Xuyang Ge leads the development and maintenance of the library for sparse dictionary learning and circuit tracing, with assistance from all other contributors.
Paper writing was done by the main contributors of each section.
Xuyang Ge and Zhengfu He designed and developed the interactive plots in paper writing.
Xipeng Qiu supervised the project and provided high-level feedback on paper writing.
Citation Information
@article{shu2026fullreplacement,
author={Shu, Wentao and Ge, Xuyang and Zhou, Guancheng and Wang, Junxuan and Lin, Rui and Song, Zhaoxuan and Wu, Jiaxing and He, Zhengfu and Qiu, Xipeng},
title={},
journal={arXiv preprint arXiv:2602.05666},
year={2026}
}
Dataset
The replacement layers were trained on a 9:1 mixture of pretraining and chat data. The chat portion consists of Hermes 3 SFT data[84]. The pretraining portion comprises 60% English from FineWeb-Edu[85], 30% Chinese from CCI3-HQ[86], and 10% code from StarCoder 2[87]. All text samples are truncated to 2048 tokens.
Learning Rate
Based on preliminary findings that the optimal learning rate generalizes across layers, we determined the base rate via a sweep on an intermediate layer (Layer 13) over 8B tokens. This rate was further verified to remain robust across varying K settings. We employ a linear schedule with 5,000 warmup steps, followed by a learning rate cooldown during the final 1.6 billion tokens to accelerate convergence.
Initialization
To accelerate convergence and ensure effective exploration of the feature space, we employ a series of initialization strategies designed to provide a robust starting point for optimization.

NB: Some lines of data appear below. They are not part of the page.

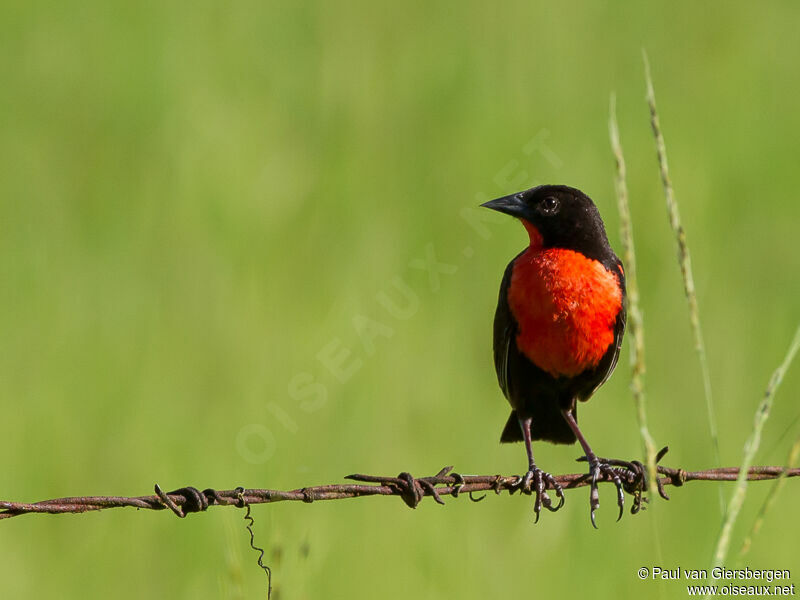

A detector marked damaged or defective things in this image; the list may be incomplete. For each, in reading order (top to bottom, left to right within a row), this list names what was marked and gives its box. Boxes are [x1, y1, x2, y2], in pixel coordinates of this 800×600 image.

rusty barbed wire [0, 448, 796, 516] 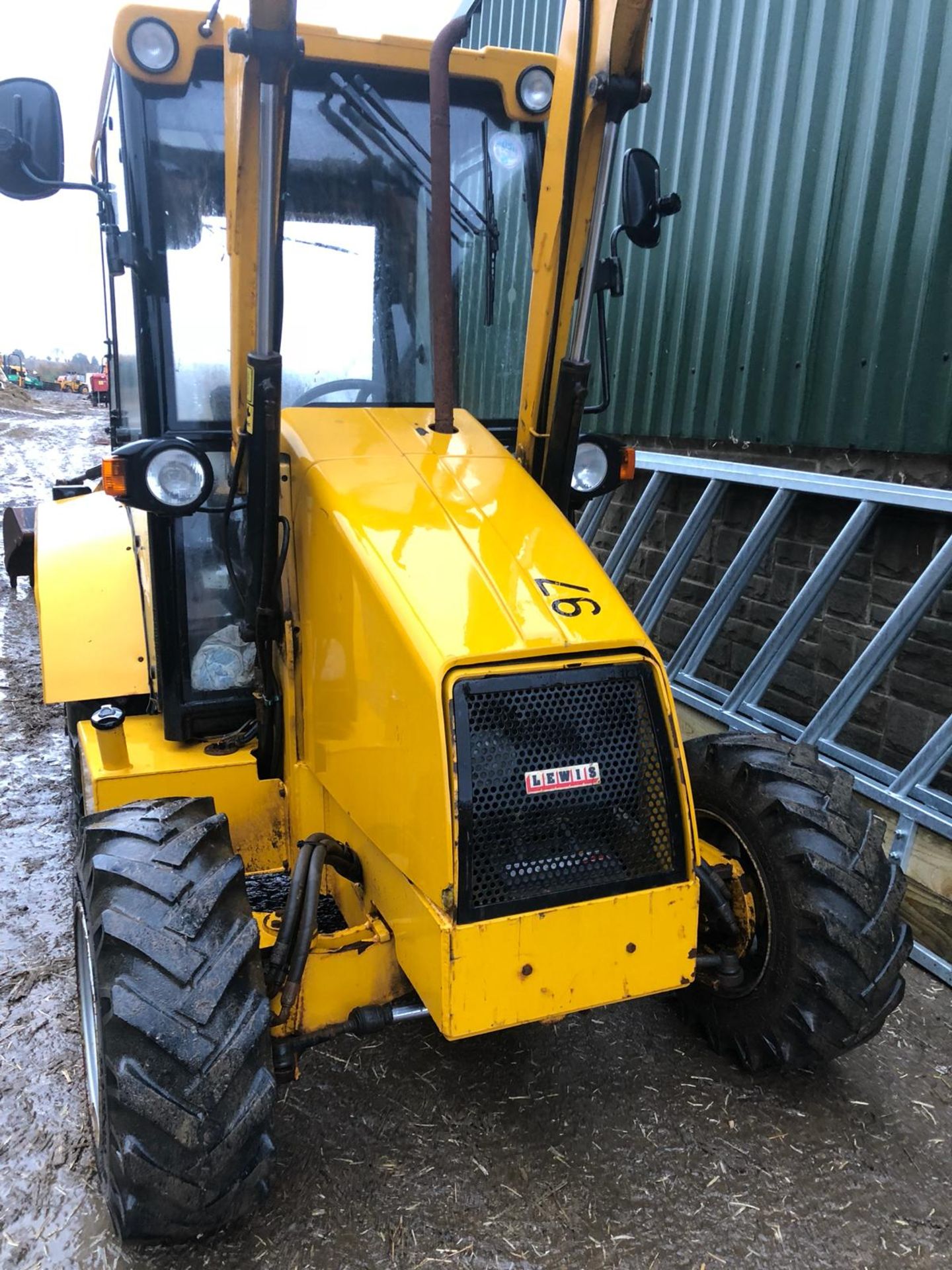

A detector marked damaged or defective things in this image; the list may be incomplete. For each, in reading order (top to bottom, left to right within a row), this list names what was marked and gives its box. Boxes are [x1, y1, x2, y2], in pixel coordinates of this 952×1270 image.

rusty exhaust pipe [431, 7, 479, 437] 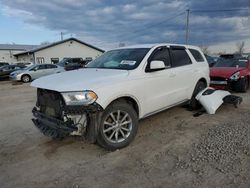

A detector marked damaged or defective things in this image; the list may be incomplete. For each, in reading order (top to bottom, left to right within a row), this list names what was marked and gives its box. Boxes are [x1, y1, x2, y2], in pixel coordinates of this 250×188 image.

crumpled hood [31, 68, 129, 92] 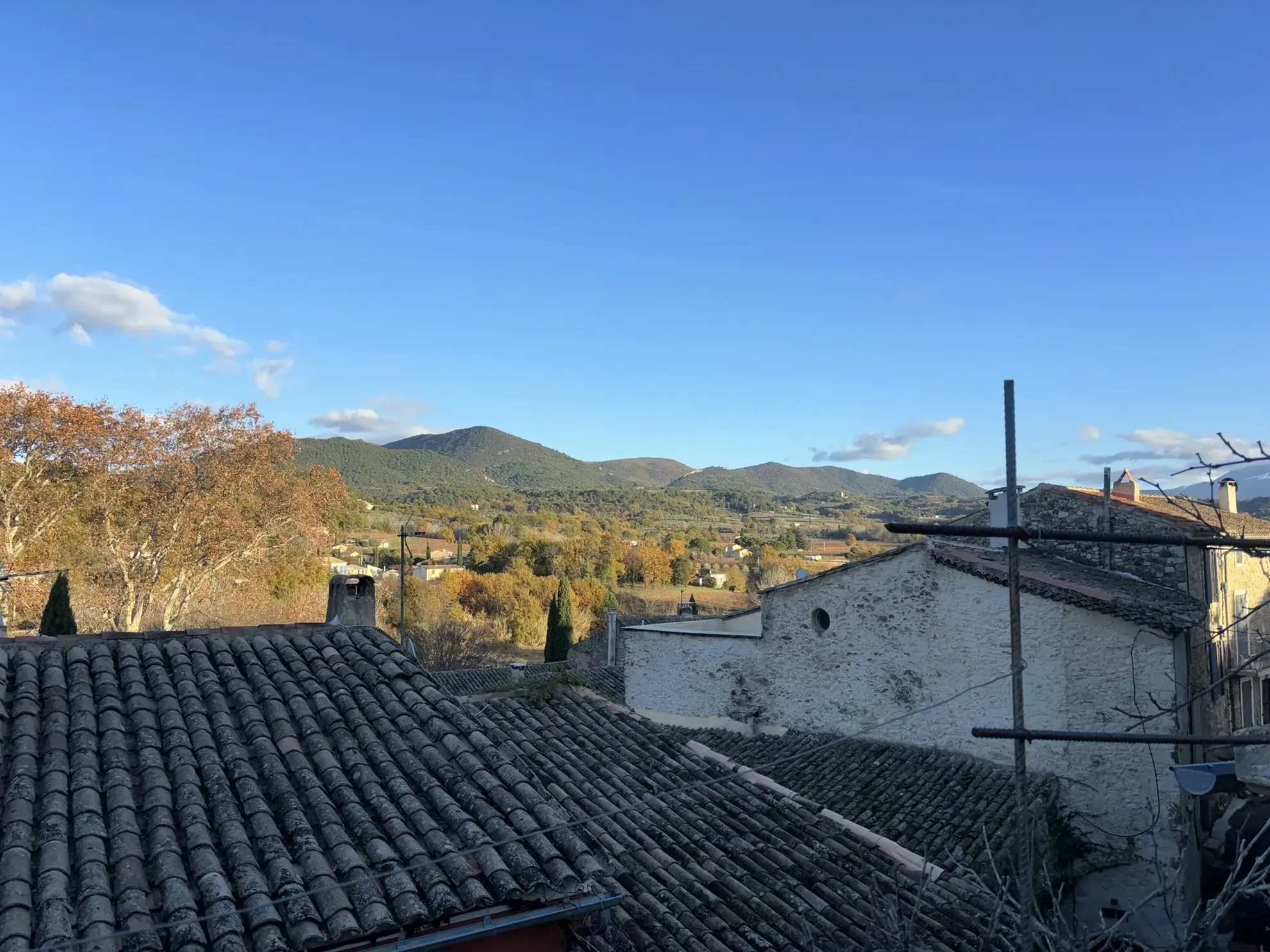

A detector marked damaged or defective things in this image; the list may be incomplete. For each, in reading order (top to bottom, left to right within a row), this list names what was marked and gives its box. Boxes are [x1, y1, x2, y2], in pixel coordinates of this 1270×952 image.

rusty metal pole [1001, 383, 1031, 952] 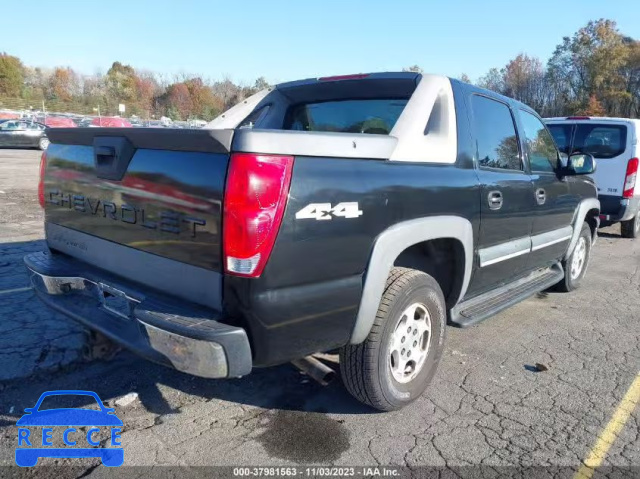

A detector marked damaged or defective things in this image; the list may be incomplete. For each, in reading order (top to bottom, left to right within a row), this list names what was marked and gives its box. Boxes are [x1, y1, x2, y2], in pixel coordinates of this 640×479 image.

cracked pavement [0, 151, 636, 476] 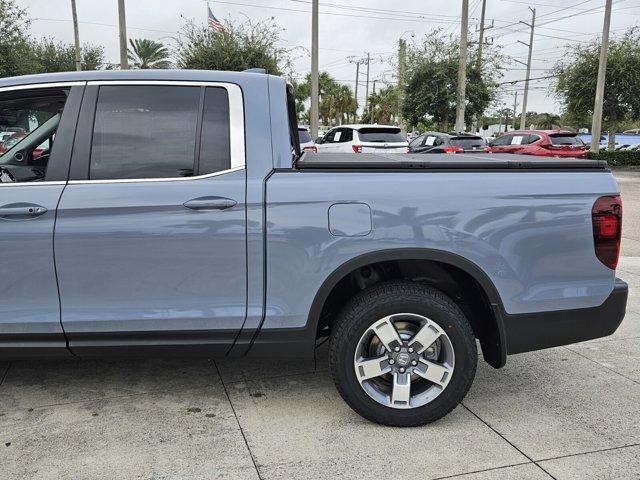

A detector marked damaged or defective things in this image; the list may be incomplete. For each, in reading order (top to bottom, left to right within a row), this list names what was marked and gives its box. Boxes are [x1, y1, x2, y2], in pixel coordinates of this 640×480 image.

Pre-trained Weight Inheritance and Alignment
Transcoders: We utilize the original MLP weights to initialize the decoder. The core objective is to align each latent feature direction with the MLP's output response in that direction. Specifically, we perturb the input \mathbf{x} along directions defined by the encoder weights \mathbf{W}_\text{enc} and pass these signals through the original MLP. The decoder weights \mathbf{W}_\text{dec} are then initialized as the mean-centered, normalized result of the MLP output. This process ensures that the initial decoder feature directions align with the principal components of the MLP output space, providing a better fit for the residual or original activation distribution.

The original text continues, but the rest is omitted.